RDoC, the initiative of the US National Institute of Mental Health (NIMH), is such an approach of defining critical dimensions or domains of functioning that are smaller than syndromes, not necessarily pathological on their own, and definable with greater levels of specificity. It proposes to divide current DSM syndromes into simpler, more basic, observable manifestations for which measurable physiological correlates can be devised79. The assumption is that observable behaviors and emotions and their respective neurobiological measurable correlates span multiple DSM disorders80 and may be combined with each other in order to produce the larger syndromes74. However, if the larger syndrome cannot be produced when the smaller domain is absent, then treatment of these smaller domains may have the potential to reduce morbidity in ways that are equivalent to the treatment of the larger syndrome.

An initiative similar to the RDoC is the Psychiatric Ratings using Intermediate Stratified Markers (PRISM). It is a European Union-funded initiative intending to investigate the common and the distinct biological background of reduced social engagement in schizophrenia, major depressive disorder (MDD), and Alzheimer disease (AD), and to identify biological targets that will inform the development of drugs for avolition and reduced social engagement across syndromes74. However, reduced social engagement is nevertheless a complex behavior that can be modulated by aging, concomitant medical or neuropsychiatric conditions, social, vocational, and economic circumstances. A more basic component of reduced social engagement is disturbance in motivation or avolition which, like the larger construct of reduced social engagement, is manifested in stroke81, traumatic brain injury82, schizophrenia, and MDD83. Looking beyond the restrictions of the DSM system, it might be possible to develop a drug to treat these conditions trans-diagnostically.
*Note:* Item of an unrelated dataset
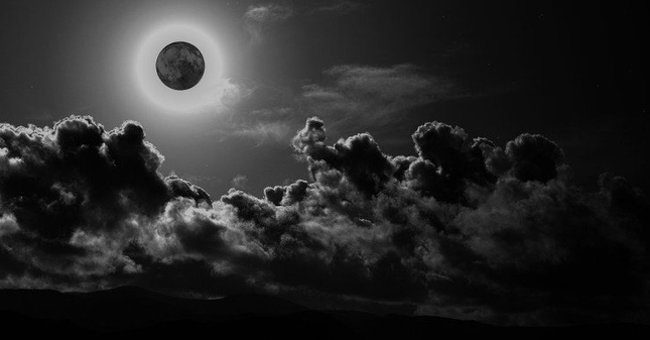 The Extremely Rare Astronomical Phenomenon 'black Moon' Will Appear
Unfortunately, previous attempts to target neurochemical systems that have been implicated across these conditions have generally been unsuccessful84,85,86,87. Since most of these drugs have primarily targeted dopaminergic mechanisms, exploration of non-dopaminergic targets may be beneficial, as there has been some recent evidence for success with drugs achieving their action via non-dopaminergic mechanisms88,89,90. Since such drugs have been shown to achieve their effects by impacting avolition from a network perspective, focusing on this most central component of negative symptoms may be key to observing widespread improvements in negative symptoms37.


The current trend to identify basic symptoms that manifest trans-diagnostically, investigate biological circuits and markers common to these manifestations, and to develop drugs that engage targets common to these trans-diagnostic circuits and/or genetic-molecular methods should be encouraged.